Die Polizisten Ben Neven und Christian Sandner beginnen schwierige Ermittlungen. Im Flohmarktgetümmel hat niemand etwas gesehen. Auf den Bildern der Überwachungskamera ist der Mann nicht zu identifizieren und keiner der wenigen Zeugen liefert verwertbare Hinweise.
Zeit- und Leidensdruck für die Ermittler
Der Teddy, den der entführte Jannik auf den Bildern im Arm hält, liefert eine erste Spur. In einem ungeklärten Fall von Kindesentführung in Innsbruck spielte ebenfalls ein großer Teddybär eine Rolle. Die Kollegen in Österreich sind allerdings keine Hilfe und haben damals offenbar nur sehr nachlässig versucht aufzuklären.
"Christian nickt. Natürlich nicht. Da wird nichts sein. Keine Verknüpfung, keine Erkenntnis, die sich einstellt, keine Tür, die im überraschenden Moment eine Verbindung zwischen den Räumen eröffnet. Es gibt keine Verbindung, nur einen Schatten, der sich über einen Tivoli und einen Flohmarkt legt. Einige Sekunden lang, dann scheint wieder die Sonne."
Für Neven und Sander beginnt aufwendige Ermittlungsarbeit. Das Auswerten von mehreren hundert Hinweisen aus der Bevölkerung ist zäh und ohne Lösegeldforderung oder andere Kontaktaufnahme durch den Entführer steigt der Zeit- und Leidensdruck für die Ermittler. Nicht nur weil die Schwester von Jannik sich täglich nach dem aktuellen Stand erkundigt, sondern auch weil die Verbrechen alle Beteiligten emotional schwer belasten.

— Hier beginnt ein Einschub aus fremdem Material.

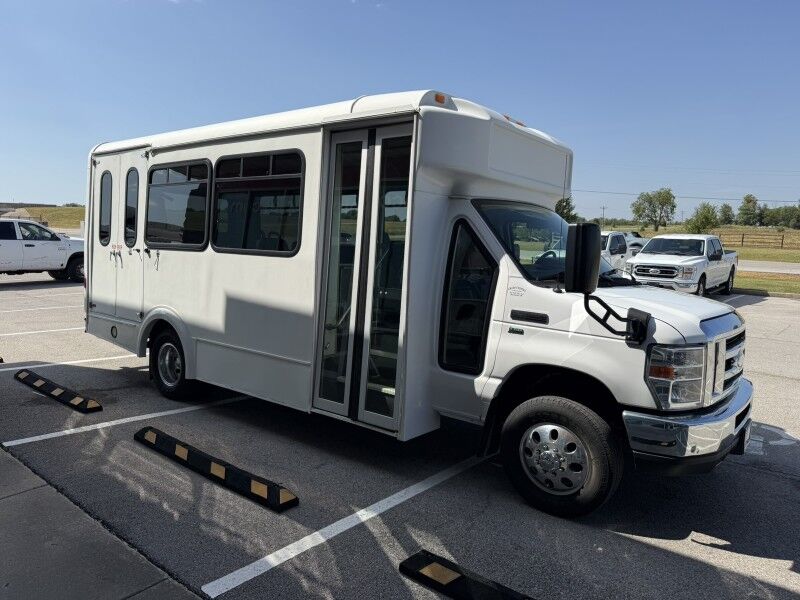 2015 Ford E-350 Passenger Bus w/ Wheelchair Lift Collinsville OK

"Es geht ihm nah, obwohl er keine Kinder hat. Vielleicht deshalb? Er weiß es nicht. Wenn er Kinder erlebt, zum Beispiel die Töchter seiner Schwester, dann geht ihm das Herz auf. Genau so fühlt es sich an. Dann kristallisiert sich ein Wort heraus, das sich komisch anfühlt, aber er denkt es immer wieder, wenn er die Kinder im Garten seiner Schwester spielen sieht. Unschuld."
Die Lektüre erinnert an eine Busfahrt
Wagner bleibt in "Sommer bei Nacht" seinem lakonischen Stil treu. In schnellen Schnitten geht es dabei von Figur zu Figur. Die rasche Szenenfolge und die damit verbundenen Sprünge stehen im deutlichen Gegensatz zu den langsam vorankommenden Ermittlungen der Polizei. Beeindruckend dabei der Effekt, den Wagner damit auf den Leser erzeugt. Die Lektüre erinnert an eine Busfahrt im Berufsverkehr: behäbiges Anfahren und anschließend starke Beschleunigung, abruptes Abbremsen an der nächsten Ampel und allgegenwärtig die Gespräche fremder Fahrgäste im Ohr.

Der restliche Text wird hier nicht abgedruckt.